- **Data entries**
★ ★ ★
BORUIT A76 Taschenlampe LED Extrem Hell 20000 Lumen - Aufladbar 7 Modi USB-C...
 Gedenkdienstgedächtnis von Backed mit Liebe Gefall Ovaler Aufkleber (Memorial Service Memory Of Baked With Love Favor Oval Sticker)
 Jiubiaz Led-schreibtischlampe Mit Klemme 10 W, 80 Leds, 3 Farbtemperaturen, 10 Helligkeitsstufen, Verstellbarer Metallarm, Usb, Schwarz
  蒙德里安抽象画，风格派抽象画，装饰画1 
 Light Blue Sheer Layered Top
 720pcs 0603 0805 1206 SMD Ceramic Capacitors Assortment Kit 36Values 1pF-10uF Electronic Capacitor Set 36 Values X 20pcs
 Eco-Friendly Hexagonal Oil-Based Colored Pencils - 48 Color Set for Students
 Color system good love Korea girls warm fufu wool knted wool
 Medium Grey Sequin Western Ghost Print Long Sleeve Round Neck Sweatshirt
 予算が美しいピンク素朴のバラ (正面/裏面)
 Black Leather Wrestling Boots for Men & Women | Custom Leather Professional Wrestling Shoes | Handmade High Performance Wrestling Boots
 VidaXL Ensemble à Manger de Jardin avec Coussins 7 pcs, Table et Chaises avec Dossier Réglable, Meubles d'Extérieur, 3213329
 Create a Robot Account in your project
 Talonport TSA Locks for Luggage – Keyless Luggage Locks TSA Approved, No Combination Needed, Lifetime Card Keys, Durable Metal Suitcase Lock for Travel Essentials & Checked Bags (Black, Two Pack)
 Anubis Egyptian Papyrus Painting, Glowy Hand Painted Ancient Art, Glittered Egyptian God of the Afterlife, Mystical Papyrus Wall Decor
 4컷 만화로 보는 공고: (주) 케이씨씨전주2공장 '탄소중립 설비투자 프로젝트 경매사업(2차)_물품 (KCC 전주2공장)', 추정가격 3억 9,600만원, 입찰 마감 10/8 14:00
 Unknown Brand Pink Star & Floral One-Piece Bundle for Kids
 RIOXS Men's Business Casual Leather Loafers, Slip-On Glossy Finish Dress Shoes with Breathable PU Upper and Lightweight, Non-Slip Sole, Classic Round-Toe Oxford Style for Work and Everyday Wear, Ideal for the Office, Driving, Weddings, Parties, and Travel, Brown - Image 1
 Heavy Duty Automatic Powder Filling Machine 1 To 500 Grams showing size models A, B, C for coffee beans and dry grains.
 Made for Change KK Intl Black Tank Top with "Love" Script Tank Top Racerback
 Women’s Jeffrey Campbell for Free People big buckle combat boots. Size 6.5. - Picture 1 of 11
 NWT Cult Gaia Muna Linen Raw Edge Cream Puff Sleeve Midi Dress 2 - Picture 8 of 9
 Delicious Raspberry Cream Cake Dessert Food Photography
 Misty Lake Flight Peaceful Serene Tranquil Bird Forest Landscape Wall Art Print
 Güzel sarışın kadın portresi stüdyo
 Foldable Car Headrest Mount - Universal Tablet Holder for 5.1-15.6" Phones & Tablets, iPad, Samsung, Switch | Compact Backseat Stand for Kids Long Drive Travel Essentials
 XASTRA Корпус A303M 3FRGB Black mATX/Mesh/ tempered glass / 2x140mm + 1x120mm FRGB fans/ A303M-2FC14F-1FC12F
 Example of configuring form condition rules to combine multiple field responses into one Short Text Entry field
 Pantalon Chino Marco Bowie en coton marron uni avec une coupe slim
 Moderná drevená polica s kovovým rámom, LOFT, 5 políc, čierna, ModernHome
★ ★ ★
- **REQUIREMENT**
Could you give the records above again, exactly and in full?

- **EXERCISE RESULT**
BORUIT A76 Taschenlampe LED Extrem Hell 20000 Lumen - Aufladbar 7 Modi USB-C...
 Gedenkdienstgedächtnis von Backed mit Liebe Gefall Ovaler Aufkleber (Memorial Service Memory Of Baked With Love Favor Oval Sticker)
 Jiubiaz Led-schreibtischlampe Mit Klemme 10 W, 80 Leds, 3 Farbtemperaturen, 10 Helligkeitsstufen, Verstellbarer Metallarm, Usb, Schwarz
  蒙德里安抽象画，风格派抽象画，装饰画1 
 Light Blue Sheer Layered Top
 720pcs 0603 0805 1206 SMD Ceramic Capacitors Assortment Kit 36Values 1pF-10uF Electronic Capacitor Set 36 Values X 20pcs
 Eco-Friendly Hexagonal Oil-Based Colored Pencils - 48 Color Set for Students
 Color system good love Korea girls warm fufu wool knted wool
 Medium Grey Sequin Western Ghost Print Long Sleeve Round Neck Sweatshirt
 予算が美しいピンク素朴のバラ (正面/裏面)
 Black Leather Wrestling Boots for Men & Women | Custom Leather Professional Wrestling Shoes | Handmade High Performance Wrestling Boots
 VidaXL Ensemble à Manger de Jardin avec Coussins 7 pcs, Table et Chaises avec Dossier Réglable, Meubles d'Extérieur, 3213329
 Create a Robot Account in your project
 Talonport TSA Locks for Luggage – Keyless Luggage Locks TSA Approved, No Combination Needed, Lifetime Card Keys, Durable Metal Suitcase Lock for Travel Essentials & Checked Bags (Black, Two Pack)
 Anubis Egyptian Papyrus Painting, Glowy Hand Painted Ancient Art, Glittered Egyptian God of the Afterlife, Mystical Papyrus Wall Decor
 4컷 만화로 보는 공고: (주) 케이씨씨전주2공장 '탄소중립 설비투자 프로젝트 경매사업(2차)_물품 (KCC 전주2공장)', 추정가격 3억 9,600만원, 입찰 마감 10/8 14:00
 Unknown Brand Pink Star & Floral One-Piece Bundle for Kids
 RIOXS Men's Business Casual Leather Loafers, Slip-On Glossy Finish Dress Shoes with Breathable PU Upper and Lightweight, Non-Slip Sole, Classic Round-Toe Oxford Style for Work and Everyday Wear, Ideal for the Office, Driving, Weddings, Parties, and Travel, Brown - Image 1
 Heavy Duty Automatic Powder Filling Machine 1 To 500 Grams showing size models A, B, C for coffee beans and dry grains.
 Made for Change KK Intl Black Tank Top with "Love" Script Tank Top Racerback
 Women’s Jeffrey Campbell for Free People big buckle combat boots. Size 6.5. - Picture 1 of 11
 NWT Cult Gaia Muna Linen Raw Edge Cream Puff Sleeve Midi Dress 2 - Picture 8 of 9
 Delicious Raspberry Cream Cake Dessert Food Photography
 Misty Lake Flight Peaceful Serene Tranquil Bird Forest Landscape Wall Art Print
 Güzel sarışın kadın portresi stüdyo
 Foldable Car Headrest Mount - Universal Tablet Holder for 5.1-15.6" Phones & Tablets, iPad, Samsung, Switch | Compact Backseat Stand for Kids Long Drive Travel Essentials
 XASTRA Корпус A303M 3FRGB Black mATX/Mesh/ tempered glass / 2x140mm + 1x120mm FRGB fans/ A303M-2FC14F-1FC12F
 Example of configuring form condition rules to combine multiple field responses into one Short Text Entry field
 Pantalon Chino Marco Bowie en coton marron uni avec une coupe slim
 Moderná drevená polica s kovovým rámom, LOFT, 5 políc, čierna, ModernHome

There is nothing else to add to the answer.